### WHAT YOU SHOULD DO
Word for word, please copy the line containing "this 626×416 image." and all lines after it in the entries below, and only those, leaving every picture out.
=== Begin Enclosure ===
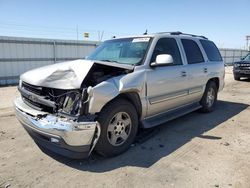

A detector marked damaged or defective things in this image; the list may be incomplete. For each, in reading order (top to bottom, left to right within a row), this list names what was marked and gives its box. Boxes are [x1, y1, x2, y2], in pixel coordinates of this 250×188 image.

crumpled hood [21, 59, 135, 89]
detached bumper piece [13, 97, 97, 159]
damaged front end [14, 59, 134, 158]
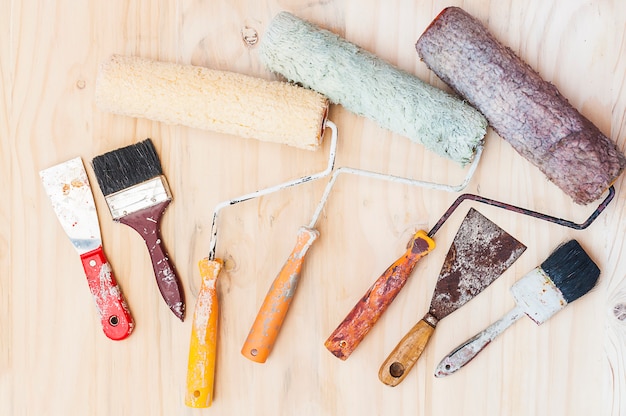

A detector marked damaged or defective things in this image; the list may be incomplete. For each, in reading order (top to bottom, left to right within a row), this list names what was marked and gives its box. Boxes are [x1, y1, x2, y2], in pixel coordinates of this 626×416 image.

wide rusty scraper blade [378, 208, 524, 386]
rusty metal blade [426, 207, 524, 318]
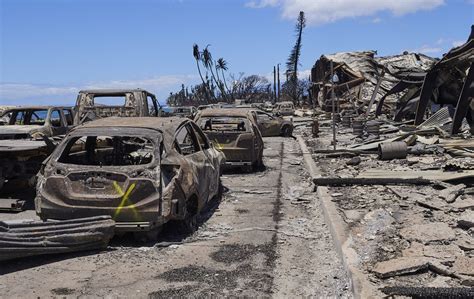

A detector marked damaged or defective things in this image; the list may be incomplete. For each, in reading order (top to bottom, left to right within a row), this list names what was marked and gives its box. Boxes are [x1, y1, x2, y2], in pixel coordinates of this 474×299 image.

charred car body [74, 88, 162, 125]
burned car [73, 89, 163, 126]
charred wood beam [450, 62, 472, 135]
burned car [0, 107, 73, 192]
charred car body [0, 106, 74, 190]
charred car body [35, 117, 224, 234]
burned car [35, 118, 224, 237]
burned car [194, 109, 264, 171]
charred car body [194, 109, 264, 171]
broken concrete block [440, 184, 466, 205]
broken concrete block [400, 223, 456, 246]
broken concrete block [372, 256, 432, 280]
broken concrete block [452, 256, 474, 278]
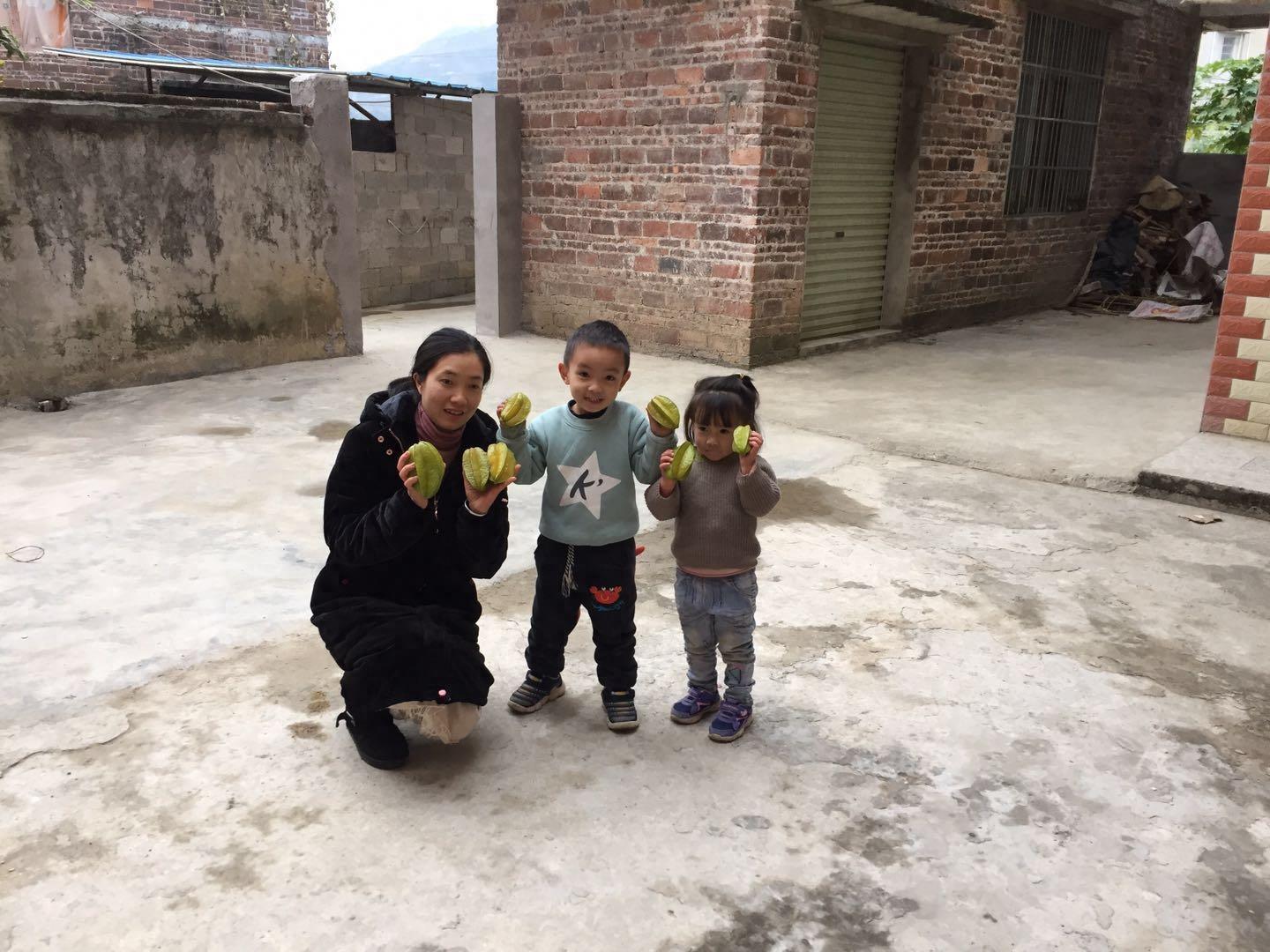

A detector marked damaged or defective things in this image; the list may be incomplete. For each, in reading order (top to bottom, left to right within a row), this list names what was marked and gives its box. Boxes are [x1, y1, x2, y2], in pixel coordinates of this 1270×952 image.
=== End Enclosure ===
### EXERCISE OUTPUT
A detector marked damaged or defective things in this image; the list may be incomplete. For each, in reading order (top to bottom, left to right within a row), this list names what was marked and gives its box. Boxes are [x1, y1, x2, y2], in pixel coordinates of this 626×416 image.

wide rusty scraper blade [378, 208, 524, 386]
rusty metal blade [426, 207, 524, 318]

A detector marked damaged or defective things in this image; the list may be incomplete. For each, in reading order (top to bottom, left to right within a row), this list names what was marked and gives its box. Boxes are [x1, y1, x2, y2], in pixel coordinates of this 474×299 image.

charred car body [74, 88, 162, 125]
burned car [73, 89, 163, 126]
charred wood beam [450, 62, 472, 135]
burned car [0, 107, 73, 192]
charred car body [0, 106, 74, 190]
charred car body [35, 117, 224, 234]
burned car [35, 118, 224, 237]
burned car [194, 109, 264, 171]
charred car body [194, 109, 264, 171]
broken concrete block [440, 184, 466, 205]
broken concrete block [400, 223, 456, 246]
broken concrete block [372, 256, 432, 280]
broken concrete block [452, 256, 474, 278]

A detector marked damaged or defective things in this image; the list may be incomplete. For each, in reading order (top to bottom, left to right within a row), this list names what was marked and gives its box. Boxes are [x1, y1, x2, y2], in pixel coordinates of this 1270×952 image.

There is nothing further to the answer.